My response to this argument that economists don't get the politics of the euro was simply "I think we get the underlying political motivations. But whether the euro was politically motivated for the most part, or not, economics matters for the sustainability of a political union." Paul Krugman has more to say:
Annoying Euro Apologetics, by Paul Krugman: Are there good arguments against the proposition that the creation of the euro was an epic mistake? Maybe. But the arguments I’ve been hearing lately are really bad. And they’re also deeply annoying.
One argument I keep seeing is that economist critics like myself don’t understand that the euro was a political and strategic project, not merely a matter of economic costs and benefits. Yes, I’m a dumb uncouth economist, completely unaware of the role of politics and international strategy in policy decisions, who never heard of the European project and its origins in the effort to put Europe’s legacy of war behind it, not to mention strengthen democracy in the Cold War.
Well, actually I do know all about that.

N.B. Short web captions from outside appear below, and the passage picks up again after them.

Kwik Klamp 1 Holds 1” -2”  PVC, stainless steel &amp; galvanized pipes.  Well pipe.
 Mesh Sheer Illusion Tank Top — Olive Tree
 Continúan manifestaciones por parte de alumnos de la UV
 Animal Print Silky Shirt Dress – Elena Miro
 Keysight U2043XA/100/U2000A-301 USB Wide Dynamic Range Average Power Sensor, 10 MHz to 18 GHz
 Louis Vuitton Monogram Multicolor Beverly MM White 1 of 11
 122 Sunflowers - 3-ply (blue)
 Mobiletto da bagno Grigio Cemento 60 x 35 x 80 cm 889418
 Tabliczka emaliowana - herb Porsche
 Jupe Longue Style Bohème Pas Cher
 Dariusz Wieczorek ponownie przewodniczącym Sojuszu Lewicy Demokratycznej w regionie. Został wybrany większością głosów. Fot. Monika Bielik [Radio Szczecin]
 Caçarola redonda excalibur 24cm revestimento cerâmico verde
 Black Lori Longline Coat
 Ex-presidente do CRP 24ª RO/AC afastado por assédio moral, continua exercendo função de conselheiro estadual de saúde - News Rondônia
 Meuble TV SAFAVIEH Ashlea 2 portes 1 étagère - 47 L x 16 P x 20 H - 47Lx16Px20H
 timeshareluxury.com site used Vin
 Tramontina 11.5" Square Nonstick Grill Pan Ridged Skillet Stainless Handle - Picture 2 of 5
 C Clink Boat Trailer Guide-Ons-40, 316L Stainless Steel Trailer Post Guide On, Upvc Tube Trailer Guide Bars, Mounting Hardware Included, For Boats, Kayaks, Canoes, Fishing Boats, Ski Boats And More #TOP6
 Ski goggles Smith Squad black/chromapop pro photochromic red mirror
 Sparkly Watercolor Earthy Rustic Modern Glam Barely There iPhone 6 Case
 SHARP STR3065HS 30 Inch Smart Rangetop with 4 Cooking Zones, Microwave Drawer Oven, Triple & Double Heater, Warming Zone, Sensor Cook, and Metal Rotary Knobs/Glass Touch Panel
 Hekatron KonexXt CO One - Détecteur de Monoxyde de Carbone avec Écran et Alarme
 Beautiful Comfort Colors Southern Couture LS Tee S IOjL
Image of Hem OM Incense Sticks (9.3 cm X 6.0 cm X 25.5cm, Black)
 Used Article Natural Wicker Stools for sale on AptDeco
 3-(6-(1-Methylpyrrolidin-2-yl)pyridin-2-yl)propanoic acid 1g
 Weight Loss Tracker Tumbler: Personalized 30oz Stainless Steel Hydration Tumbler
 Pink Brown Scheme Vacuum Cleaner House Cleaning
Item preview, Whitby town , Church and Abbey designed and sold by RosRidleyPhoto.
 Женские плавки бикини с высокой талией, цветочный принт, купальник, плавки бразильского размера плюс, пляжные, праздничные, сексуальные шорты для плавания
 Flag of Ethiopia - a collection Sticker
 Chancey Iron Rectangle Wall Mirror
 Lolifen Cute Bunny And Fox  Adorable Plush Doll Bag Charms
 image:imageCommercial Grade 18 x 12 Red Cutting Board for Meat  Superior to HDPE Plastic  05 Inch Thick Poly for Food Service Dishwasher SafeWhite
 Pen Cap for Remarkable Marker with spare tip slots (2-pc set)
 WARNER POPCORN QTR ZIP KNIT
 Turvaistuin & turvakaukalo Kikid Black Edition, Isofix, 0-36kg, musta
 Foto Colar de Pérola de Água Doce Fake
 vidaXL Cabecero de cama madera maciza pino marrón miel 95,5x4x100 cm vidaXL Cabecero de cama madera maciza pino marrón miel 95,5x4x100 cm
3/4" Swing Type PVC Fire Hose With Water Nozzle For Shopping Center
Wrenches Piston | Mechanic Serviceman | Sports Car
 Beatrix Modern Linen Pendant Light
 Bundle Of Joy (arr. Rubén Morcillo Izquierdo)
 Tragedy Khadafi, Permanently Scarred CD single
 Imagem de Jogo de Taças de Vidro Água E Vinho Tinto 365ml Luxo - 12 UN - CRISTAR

The point, however, is that while the European project has at every stage combined economic objectives with broader political goals – it’s about peace and democracy through integration and prosperity – the project can’t be expected to work unless the economic measures are a good idea in and of themselves, or at least a non-catastrophic idea. What happened in the march to the euro was that European elites, in love with the symbolism of a single currency, closed their minds to warnings that currency union – unlike the removal of trade barriers – was at best ambiguous in its economic logic, and arguably, even ex ante, a very bad idea indeed.
An alternative argument, which we’re hearing from depressed European economies like Finland, is that the short-term costs of inflexibility are outweighed by the supposedly huge gains from greater integration. But where’s the evidence for these huge gains? ...
As I said, maybe there are good arguments against the proposition that the euro was a mistake. But pointing out that politics matters, and economies grow, doesn’t cut it; these aren’t the factoids you’re looking for.